Electrochemical impedance spectroscopy (EIS) is a powerful technique to study interfacial charge transfer in devices.[11] Herein, to elucidate correlation of Voc, we performed the Nyquist plots and Bode plots of the dye cells in complete darkness with a forward bias of −0.70 V and a frequency region at 0.01–100 kHz, respectively. As shown in Figure a,c, two semicircles from left to right in the Nyquist plot are visible; the small semicircles represent the impedances of the charge transfer on the Pt electrode/electrolyte interface (RPt), whereas the larger semicircles are correlated to the interfacial charge transfer resistances (RCT) on the TiO2/dye/electrolyte interface. The larger semicircle in theory means the larger RCT, generally providing the slower electron recombination rate.[11] For the DSSCs without CDCA, the radius of the large semicircle increases in the order of C3 (20 Ω) < C2 (70 Ω) < C1 (92 Ω) (Figure a,c), suggesting that the electron recombination rate increases in the order of C1 < C2 < C3, which is consistent well with the Voc tendencies of C3 (562 mV) < C2 (653 mV) < C1 (671 mV). In comparison to the DSSCs without CDCA, the addition of CDCA has caused an increase of RCT at the same forward bias for the C1–C3-based DSSCs, thereby leading to enhanced Voc and PCE values.

Figure 6

Nyquist plots (a, c) and Bode plots (b, d) of C1–C3-based DSSCs with/without CDCA under a bias of −0.70 V in complete darkness.
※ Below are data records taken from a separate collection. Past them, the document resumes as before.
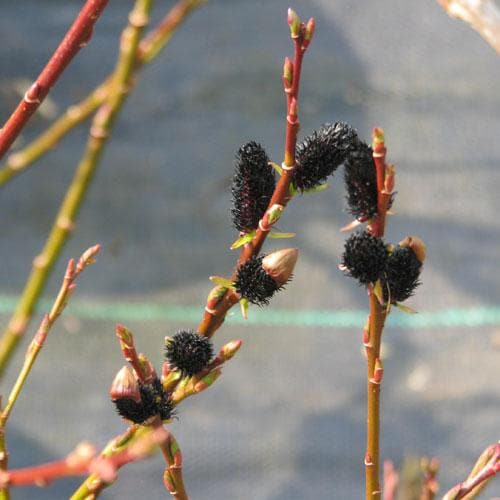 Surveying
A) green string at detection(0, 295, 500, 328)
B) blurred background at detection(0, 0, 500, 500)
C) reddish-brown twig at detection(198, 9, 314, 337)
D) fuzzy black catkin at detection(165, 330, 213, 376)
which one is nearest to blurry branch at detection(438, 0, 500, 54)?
reddish-brown twig at detection(198, 9, 314, 337)

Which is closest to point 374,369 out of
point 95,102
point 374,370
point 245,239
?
point 374,370

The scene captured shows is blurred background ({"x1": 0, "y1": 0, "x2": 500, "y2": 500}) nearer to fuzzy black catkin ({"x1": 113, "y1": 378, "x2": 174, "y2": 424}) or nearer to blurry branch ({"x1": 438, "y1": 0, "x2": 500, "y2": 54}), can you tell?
fuzzy black catkin ({"x1": 113, "y1": 378, "x2": 174, "y2": 424})

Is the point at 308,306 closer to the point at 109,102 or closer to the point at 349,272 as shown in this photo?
the point at 349,272

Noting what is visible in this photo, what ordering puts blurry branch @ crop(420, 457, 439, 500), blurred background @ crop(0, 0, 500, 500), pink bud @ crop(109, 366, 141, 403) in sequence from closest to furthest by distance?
pink bud @ crop(109, 366, 141, 403), blurry branch @ crop(420, 457, 439, 500), blurred background @ crop(0, 0, 500, 500)

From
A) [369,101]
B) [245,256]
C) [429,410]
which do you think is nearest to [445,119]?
[369,101]

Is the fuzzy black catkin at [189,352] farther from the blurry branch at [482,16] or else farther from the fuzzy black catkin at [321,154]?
the blurry branch at [482,16]

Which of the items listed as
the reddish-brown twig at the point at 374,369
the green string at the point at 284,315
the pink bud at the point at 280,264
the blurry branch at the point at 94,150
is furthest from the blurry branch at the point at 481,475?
the green string at the point at 284,315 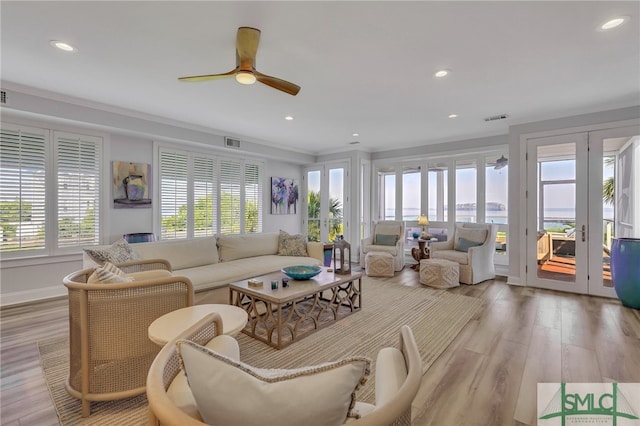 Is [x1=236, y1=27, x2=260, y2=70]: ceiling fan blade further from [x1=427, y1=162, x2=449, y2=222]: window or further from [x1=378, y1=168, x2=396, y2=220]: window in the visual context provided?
[x1=378, y1=168, x2=396, y2=220]: window

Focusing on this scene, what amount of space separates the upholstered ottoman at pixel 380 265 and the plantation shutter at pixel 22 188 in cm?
500

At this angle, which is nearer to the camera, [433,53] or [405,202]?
[433,53]

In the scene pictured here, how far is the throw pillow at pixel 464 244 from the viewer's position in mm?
5187

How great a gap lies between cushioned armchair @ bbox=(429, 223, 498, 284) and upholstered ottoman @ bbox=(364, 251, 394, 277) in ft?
2.57

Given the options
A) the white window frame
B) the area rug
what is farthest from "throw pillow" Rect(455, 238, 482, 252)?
the white window frame

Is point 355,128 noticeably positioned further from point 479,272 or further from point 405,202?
point 479,272

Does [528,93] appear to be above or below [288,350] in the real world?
above

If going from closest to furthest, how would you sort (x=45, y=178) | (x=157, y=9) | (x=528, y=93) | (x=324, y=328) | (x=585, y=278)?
(x=157, y=9), (x=324, y=328), (x=528, y=93), (x=45, y=178), (x=585, y=278)

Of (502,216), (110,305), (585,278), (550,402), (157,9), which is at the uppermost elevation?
(157,9)

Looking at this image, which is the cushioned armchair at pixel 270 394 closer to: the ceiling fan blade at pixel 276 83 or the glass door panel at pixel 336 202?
the ceiling fan blade at pixel 276 83

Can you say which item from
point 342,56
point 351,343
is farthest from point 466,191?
point 351,343

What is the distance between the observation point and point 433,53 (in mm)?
2605

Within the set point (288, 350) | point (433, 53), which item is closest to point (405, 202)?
point (433, 53)

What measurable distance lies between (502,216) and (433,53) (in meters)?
4.11
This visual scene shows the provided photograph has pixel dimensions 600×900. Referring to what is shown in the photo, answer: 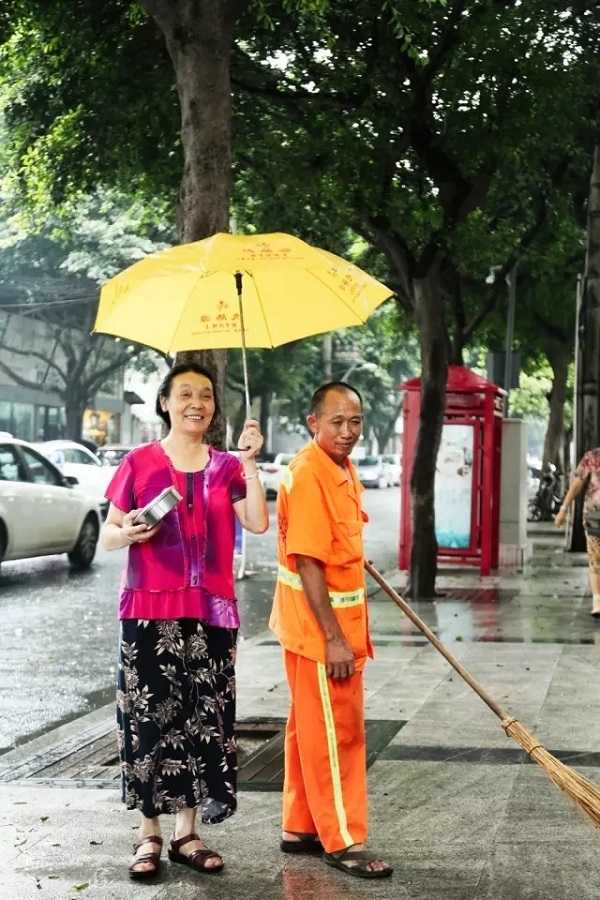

The electron lifetime (τ) of the exited dyes can be associated with the peak frequency (f) at intermediate-frequency regions in Bode plots, which can be calculated from the equation of τ = 1/(2πf).[11] The smaller the charge recombination rate, the longer the electron lifetime is, generally leading to improved Voc and Jsc values. As shown in Bode plots (Figure b,d), the f values increase in the order of C1 (5.0 Hz) < C2 (5.8 Hz) < C3 (32 Hz). As a result, the τ values increase in the order of C3 (5.0 ms) < C2 (27.5 ms) < C1 (31.8 ms). On the basis of the results observed above, the best performance of the C1-based DSSCs mainly results from its strongest light-capturing ability and smallest charge recombination rate compared to the other two dyes. To further elucidate the effect of CDCA on photovoltaic performance, we also studied the Bode plots of the DSSCs with 5 mM CDCA. By comparison of the f values, we found that coabsorbing CDCA led to the reduced charge recombination rate due to the effective retard of dye aggregation, thereby providing higher photovoltaic performance than that of the DSSCs without CDCA.

Conclusions

In summary, for the first time, a ladderlike fused-ring donor (dithienocyclopentacarbazole (DTCC) derivative) has been used to design and synthesize three novel D–A−π–A-type organic dyes (C1, C2, and C3) via facile direct arylation reactions. We have demonstrated that the use of auxiliary acceptors (BT, DFBT, and PT) can effectively manipulate the optical, electrochemical, and photovoltaic performances of the three dyes. Moreover, strong D–A interaction endows the three dyes with strong intramolecular charge transfer and high molar extinction coefficients of above 3.14 × 104 M–1 cm–1, thereby ensuring their strong light-capturing ability. Investigation of DFT calculations reveals that the well-separated HOMO and LUMO orbitals of the three dyes are observed, which is helpful for efficient charge separation and electron injection. Although the PT-containing C3 obtains a broad absorption band relative to C1 and C2, larger charge recombination rate caused by dye aggregation in TiO2 led to quite low Jsc, Voc, and PCE values. Under AM 1.5G illumination, the BT-containing C1-based DSSCs afford the best photovoltaic performance with a Voc of 671 mV, a Jsc of 12.98 mA cm–2, an ff of 0.71, and a PCE value of 6.20%. Upon the addition of 5 mM CDCA, both the Jsc and Voc values are further improved due to the enhanced electron life of the devices, which thereby provides an enhanced PCE of 6.75%. Our findings indicate that the ladderlike DTCC derivative donors have great potential to design broad novel organic dyes for high-performance DSSCs.